Ke-tujuh: Mereka seringkali memberlakukan makna-makna indrawi dalam memahami teks-teks tersebut. Ini ditandai dengan adalanya lafazh-lafazh yang sering kali mereka tambahkan terhadap teks-teks tersebut. Seperti seringkali mereka berkata; “Yanzil Bi Dzatih…” (Allah turun dengan Dzat-Nya), “Yanzil Wa Yatahawwal…” (Allah turun dan bergerak), “Istawa Bi Ma’na al-Haqîqah…” (Allah benar-benar bertempat/bersemayam) dan tambahan lafazh lainnya. Lalu untuk mengecoh orang-orang awam mereka berkata; “La Kama Na’qil…” (Tidak seperti yang kita pikirkan).

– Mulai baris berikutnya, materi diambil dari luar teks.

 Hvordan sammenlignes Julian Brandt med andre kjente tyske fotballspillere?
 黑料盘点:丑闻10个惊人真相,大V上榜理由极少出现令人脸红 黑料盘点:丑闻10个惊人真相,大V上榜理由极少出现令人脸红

Terkadang mereka juga berkata; “Lahu Yad La Ka al-Aidî…” (Allah memilki tangan tapi tidak seperti semua tangan), “Lahu ‘Ain La Kasa’ir al-A’yun…” (Allah punya mata tapi tidak seperti setiap mata), “Lahu Qadam La Kasa’ir al-Aqdam…” (Allah memiliki kaki tapi tidak seperti setiap kaki). Yang tersisa bagi mereka adalah untuk mengatakan; “Huwa Insan La Kasa’ir al-Nas…” (Allah adalah manusia tatapi tidak seperti seluruh manusia). Adakah tauhid dalam keyakinan orang-orang semacam ini??.

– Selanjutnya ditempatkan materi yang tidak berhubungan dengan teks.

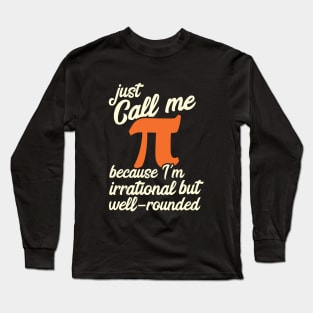 Funny Pi Day Call Me Pi I'm Irrational but Well Rounded Long Sleeve T-Shirt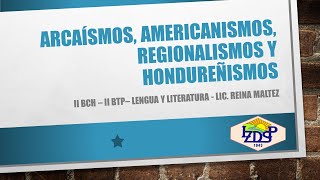 Arcaísmos Americanismos Regionalismos y Hondureñismos  II BCH [upl. by Leopoldine]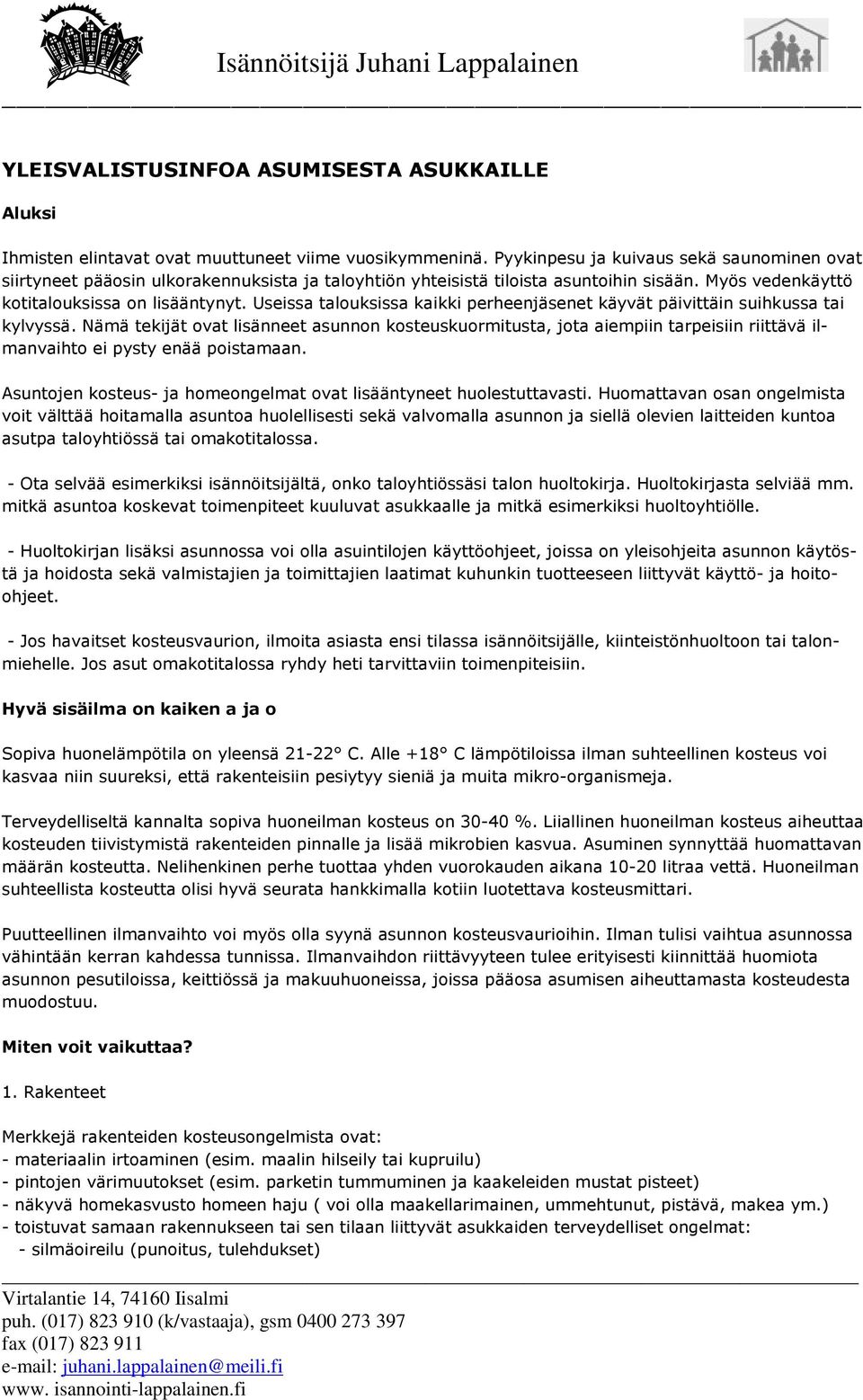 Useissa talouksissa kaikki perheenjäsenet käyvät päivittäin suihkussa tai kylvyssä.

(Penjelasan lebih luas lihat Ibn al-Jauzi, Daf’u Syubah at-Tasybih Bi Akaff at-Tanzih, h. 11-12).

sumber: suaraaswaja.com

Catatan Penting;

Ibn al-Jauzi adalah al-Imam al-Hafizh Abdurrahman ibn Abi al-Hasan al-Jauzi (w 597 H), Imam Ahlussunnah terkemuka, ahli hadits, ahli tafsir, dan seorang teolog (ahli ushul) terdepan. Beliau bermadzhab Hanbali, dan apa yang beliau tuliskan dalam karya beliau di atas adalah keyakinan para ulama madzhab Hanbli terkemuka. Adapaun orang-orang Wahabi bahwa mereka mengaku bermadzhab Hanbali adalah 'Bohong Besar'! ....baik di dalam aqidah maupun fiqih, kaum Wahabi ini bukan di atas madzhab Hanbali, madzhab mereka adalah madzhab Wahabi..!!! (red: serkarang mengaku Salafi).

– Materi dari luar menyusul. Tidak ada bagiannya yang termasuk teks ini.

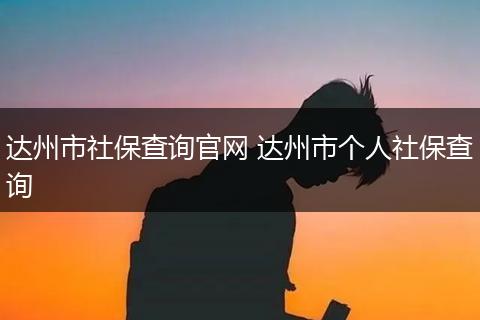 达州市社保查询官网 达州市个人社保查询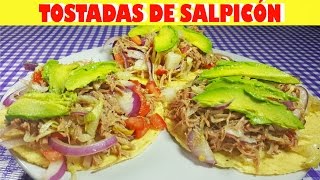 Como hacer Tostadas de Salpicón  Central American shredded beef salad Recipe [upl. by Colvert]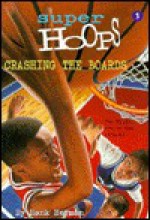 Crashing the Boards, Vol. 1 - Hank Herman, Marcy Ramsey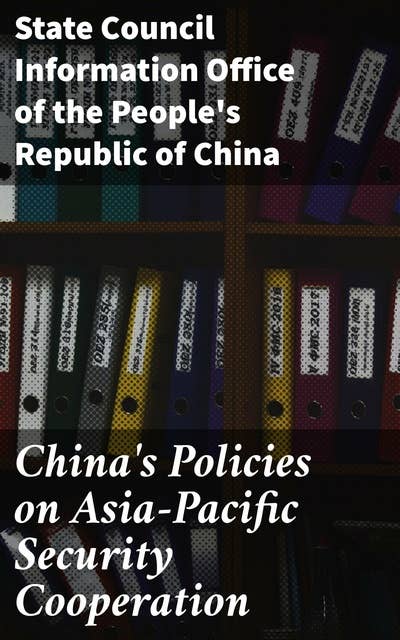 China's Policies on Asia-Pacific Security Cooperation: Navigating Asia-Pacific Security Challenges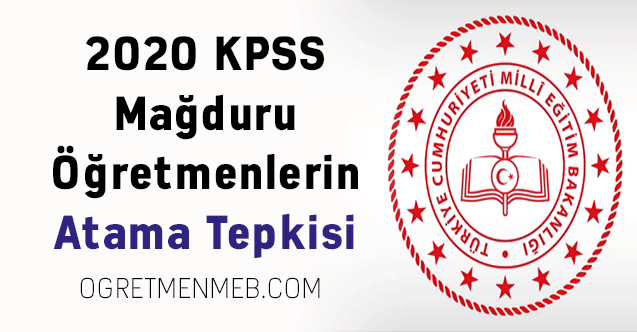 2020 KPSS Mağduru Öğretmenlerin Atama Tepkisi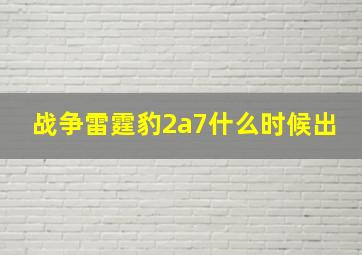 战争雷霆豹2a7什么时候出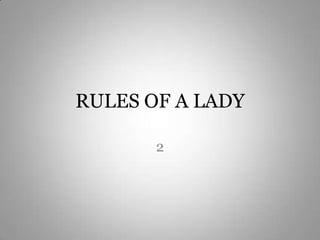 RULES OF A LADY
2
 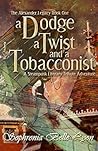 A Dodge, a Twist and a Tobacconist (The Alexander Legacy)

Hati-hati awas salah..!, beda antara Ibn al-Jauzi dengan Ibn Qayyim al-Jauziyyah. Adapun ibn Qayyim al-Jauziyyah ini adalah Muhammad ibn Abi Bakr az-Zar’i (w 751 H) murid dari Ibn Taimiyah yang dalam keyakinannya persis sama dengan Ibn Taimiyah sendiri. Keduanya jauh berbeda, yang pertama (Ibn al-Jauzi) adalah Imam Ahlussunnah terkemuka, sementara yang kedua (Ibn Qayyim al-Jauziyyah) adalah murid Ibn Taimiyah; yang dalam keyakinannya persis sama dengan kayakinan tasybih Ibn Taimiyah.

Ingat...!, Aqidah mayoritas umat Islam, kaum Ahlussunnah wal Jama'ah adalah Allah Ada Tanpa Tempat dan Tanpa Arah, dan Allah itu tidak duduk, tidak bersemayam di ‘Arasy, tidak memiliki organ tubuh dan sifat seperti manusia, .. sesuai dengan yang di ajarkan Rasulullah S.a.w, para Sahabatnya R.a serta para Ulama Salaf (dahulu) yang shaleh.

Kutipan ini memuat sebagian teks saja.